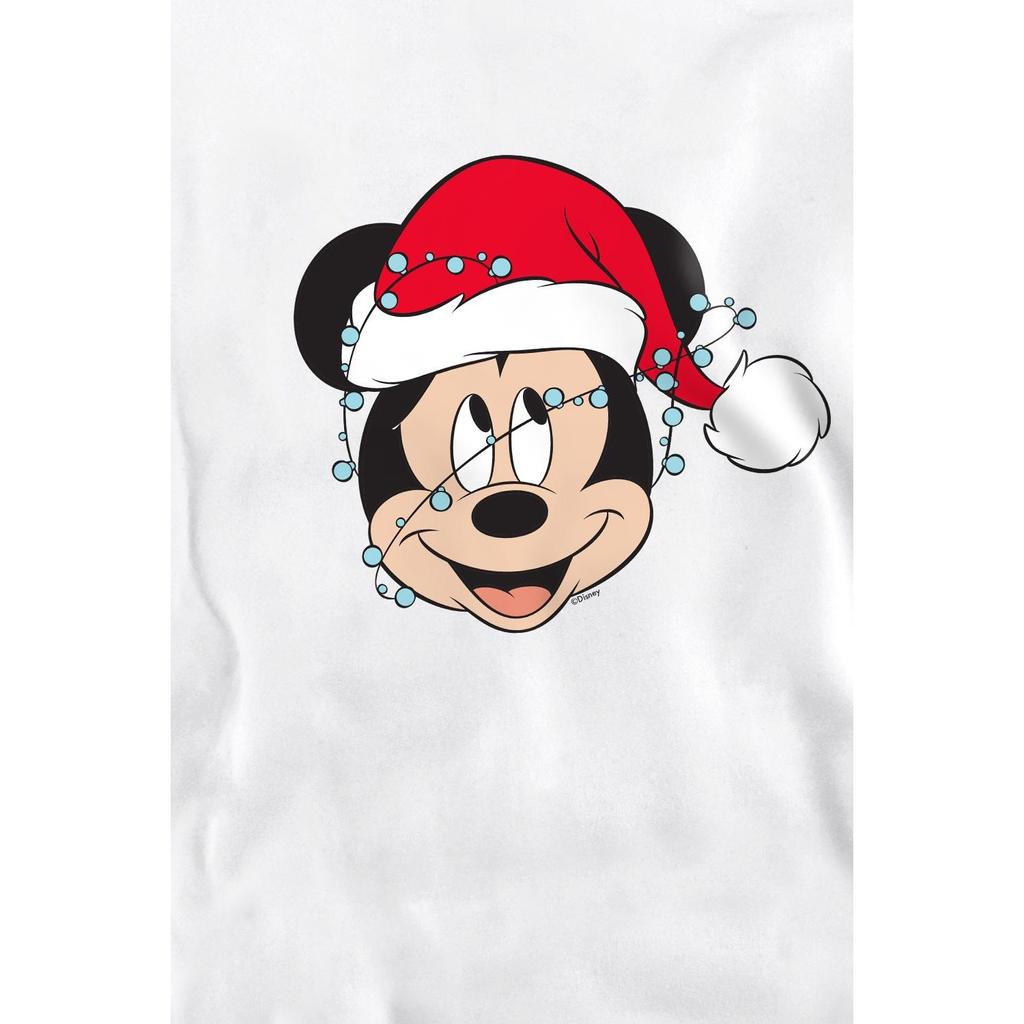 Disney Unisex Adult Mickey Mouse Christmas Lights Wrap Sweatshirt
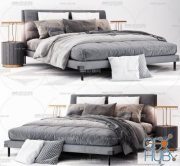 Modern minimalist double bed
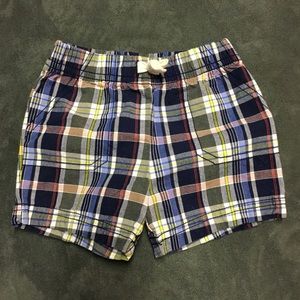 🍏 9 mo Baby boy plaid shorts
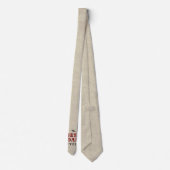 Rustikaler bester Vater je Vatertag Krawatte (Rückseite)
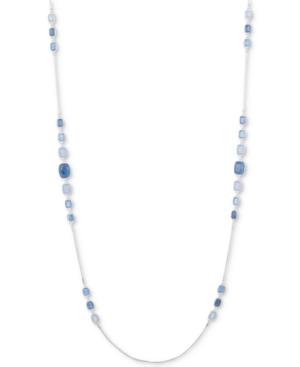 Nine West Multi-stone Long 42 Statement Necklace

...

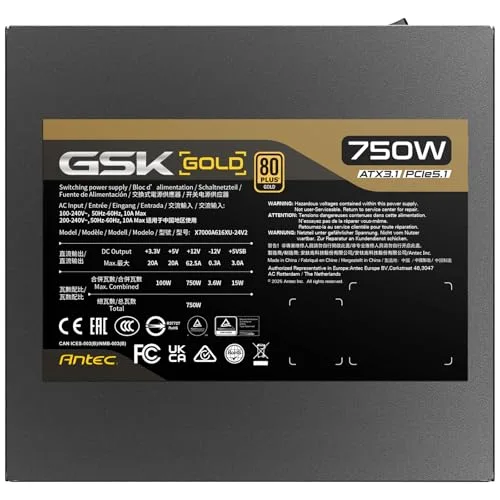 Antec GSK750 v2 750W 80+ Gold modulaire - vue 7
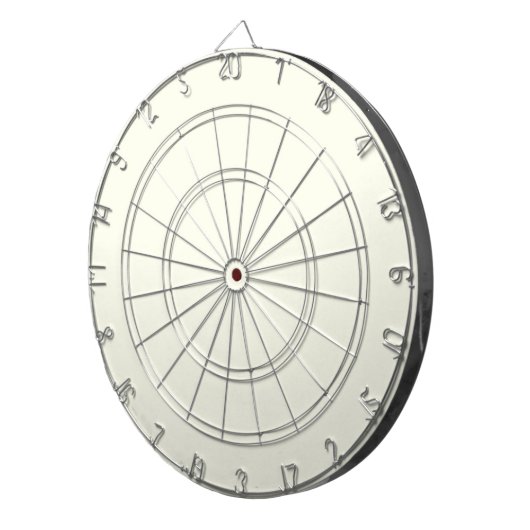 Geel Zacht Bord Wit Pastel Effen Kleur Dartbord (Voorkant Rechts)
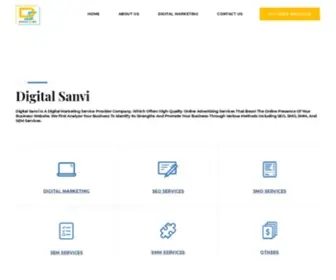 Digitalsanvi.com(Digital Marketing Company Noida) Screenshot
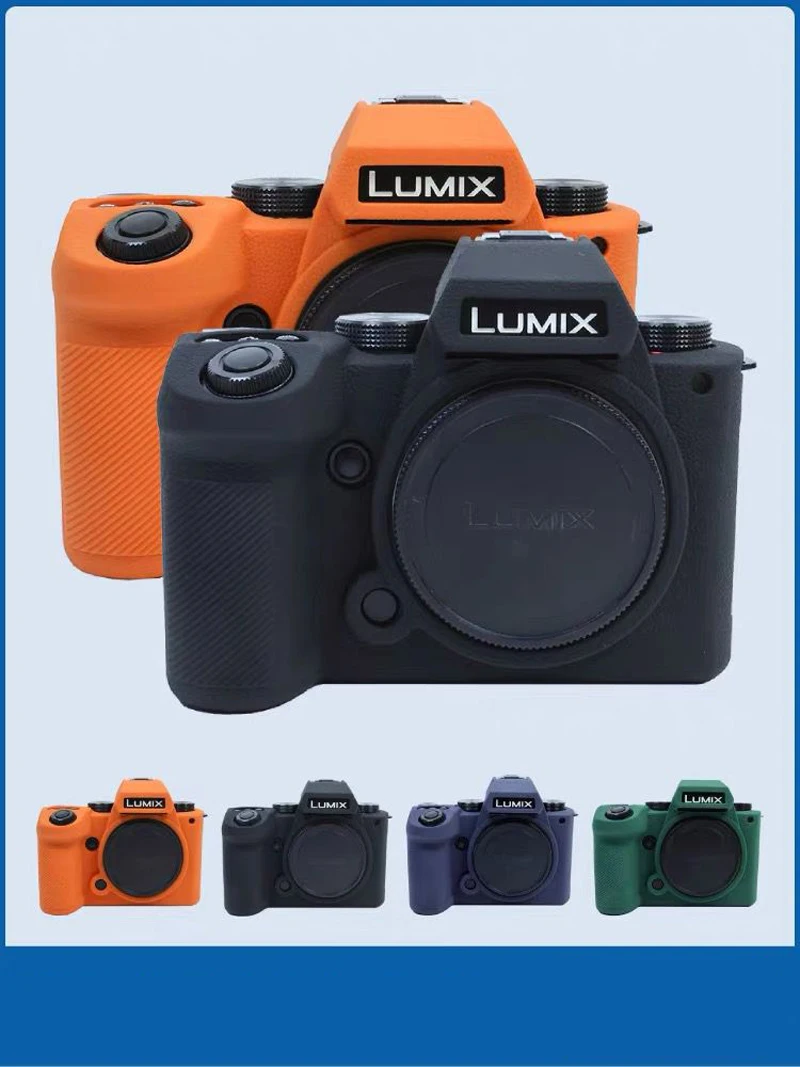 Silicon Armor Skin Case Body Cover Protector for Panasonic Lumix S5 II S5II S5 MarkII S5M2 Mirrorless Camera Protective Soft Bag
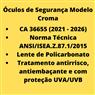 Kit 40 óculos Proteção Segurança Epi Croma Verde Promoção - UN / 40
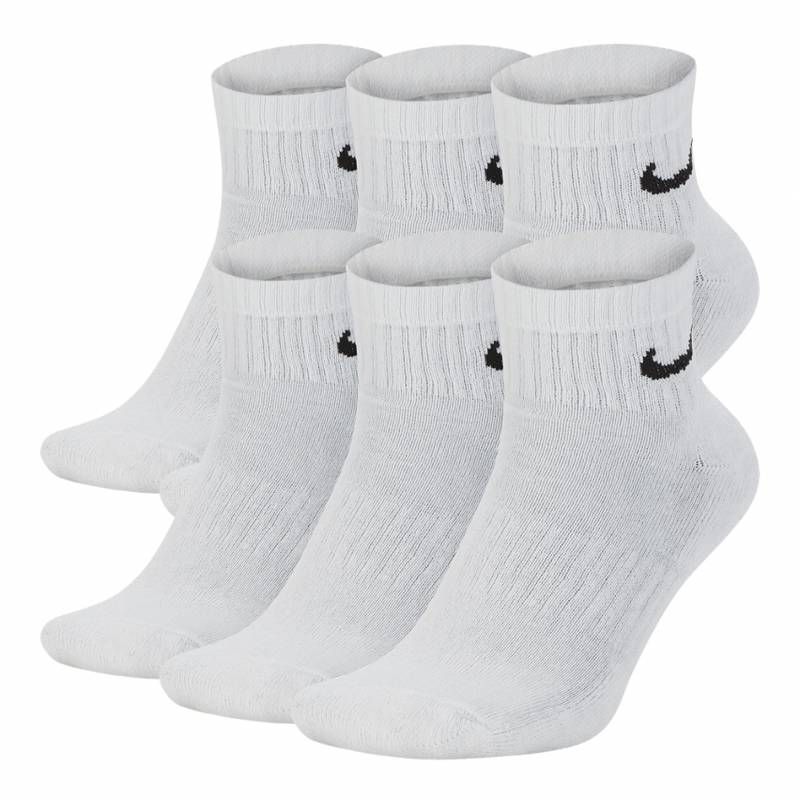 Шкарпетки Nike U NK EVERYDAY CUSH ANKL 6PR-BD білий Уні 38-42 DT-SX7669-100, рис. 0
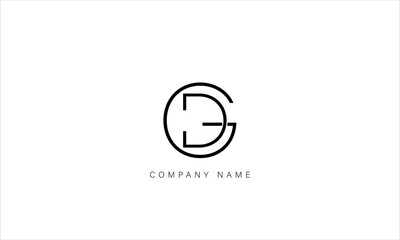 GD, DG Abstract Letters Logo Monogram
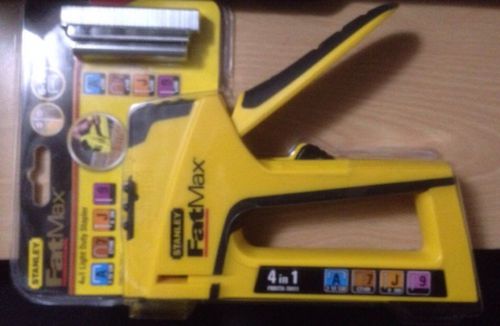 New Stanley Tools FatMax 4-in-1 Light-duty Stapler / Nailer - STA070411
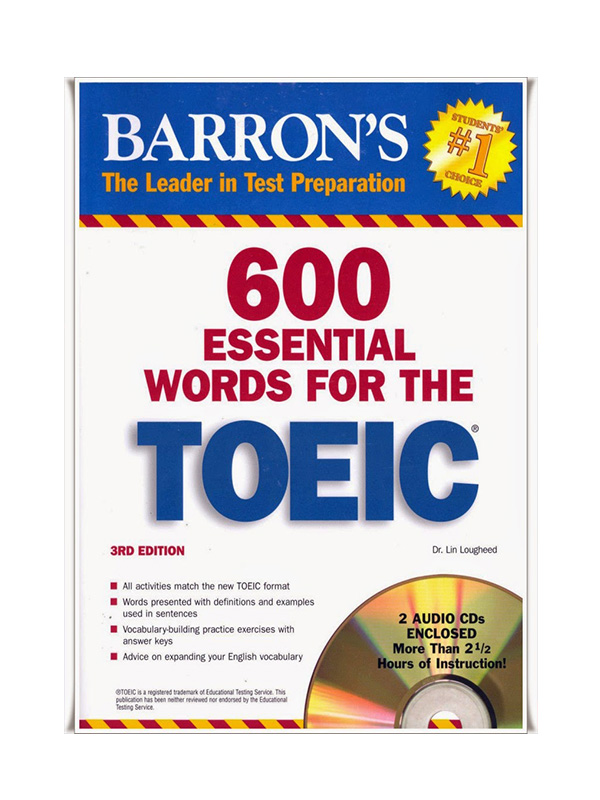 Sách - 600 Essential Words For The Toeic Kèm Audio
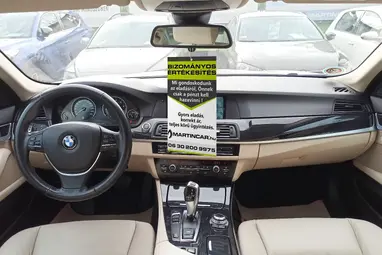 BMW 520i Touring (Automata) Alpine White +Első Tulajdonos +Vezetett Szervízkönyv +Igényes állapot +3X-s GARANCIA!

_The task_
Exact copy, pictures excluded: every line above from the one containing "GD, DG Abstract Letters Logo Monogram" to the one containing "BMW 520i Touring", inclusive, and nothing more.

_Completed exercise_
 GD, DG Abstract Letters Logo Monogram
 New Stanley Tools FatMax 4-in-1 Light-duty Stapler / Nailer - STA070411
 Sách - 600 Essential Words For The Toeic Kèm Audio
 BMW 520i Touring (Automata) Alpine White +Első Tulajdonos +Vezetett Szervízkönyv +Igényes állapot +3X-s GARANCIA!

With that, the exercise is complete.